=== Begin Enclosure ===

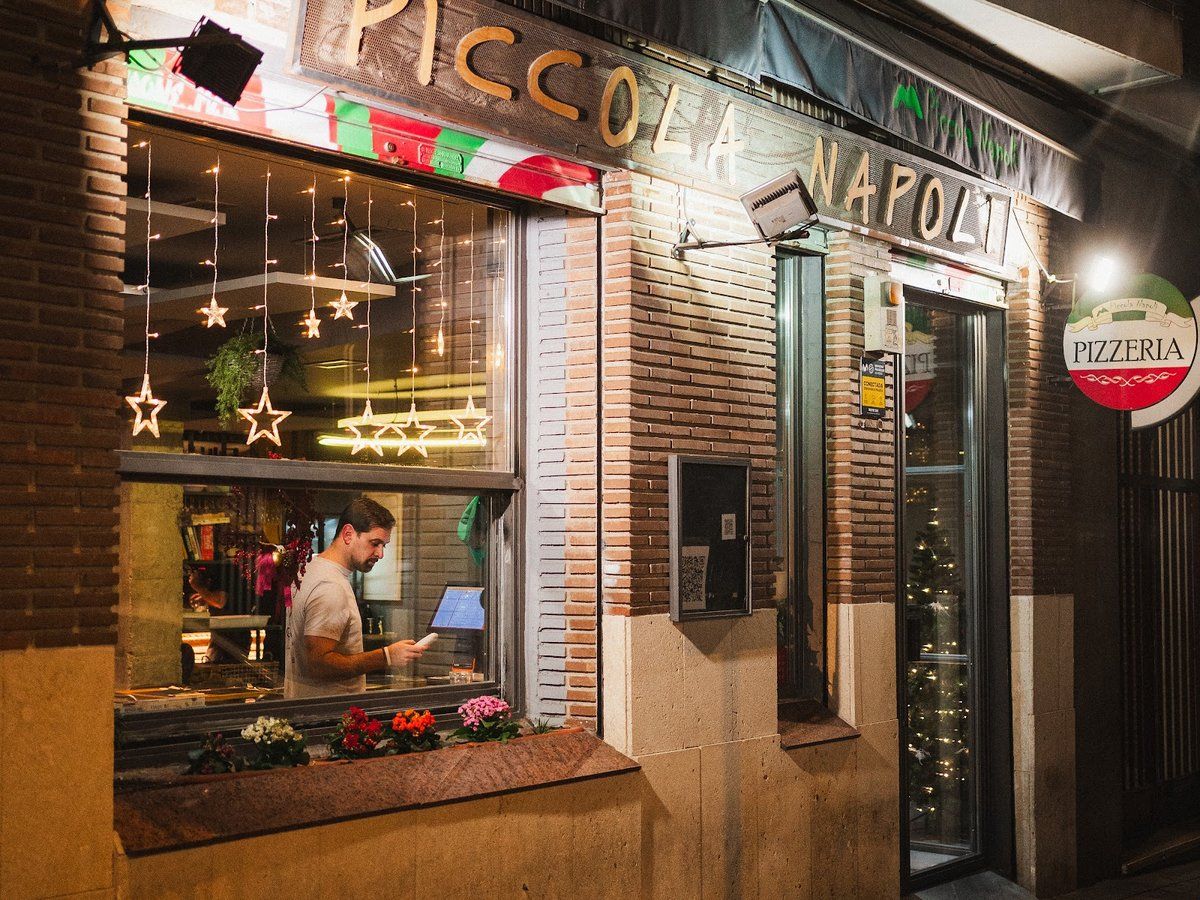 Pizzería Piccola Napoli | Cuatro Caminos — cocina italiana — menú del día en Madrid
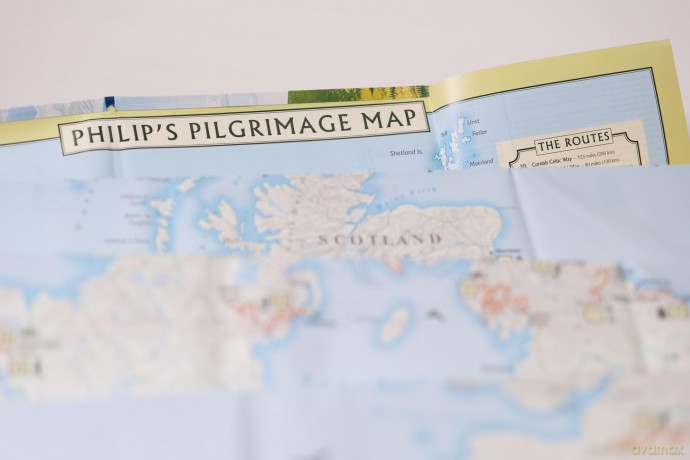 Philip's Pilgrimage Map of Britain and Ireland: Spiritual Journeys and Walking in Nature (Philip's Sheet Maps) - Philip's Maps [KSIĄŻKA]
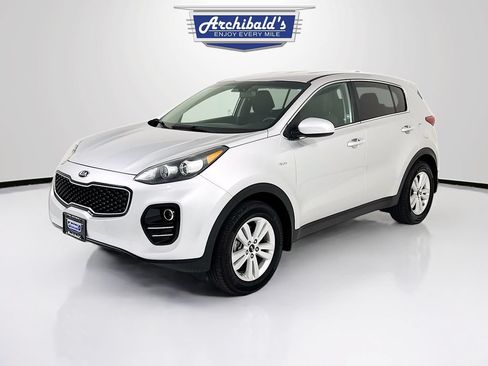Used 2017 Kia Sportage LX AWD/4WD image 3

=== End Enclosure ===

Copy the material exactly as written and leave every picture behind.

ANSWER AREA:
 Pizzería Piccola Napoli | Cuatro Caminos — cocina italiana — menú del día en Madrid
 Philip's Pilgrimage Map of Britain and Ireland: Spiritual Journeys and Walking in Nature (Philip's Sheet Maps) - Philip's Maps [KSIĄŻKA]
Used 2017 Kia Sportage LX AWD/4WD image 3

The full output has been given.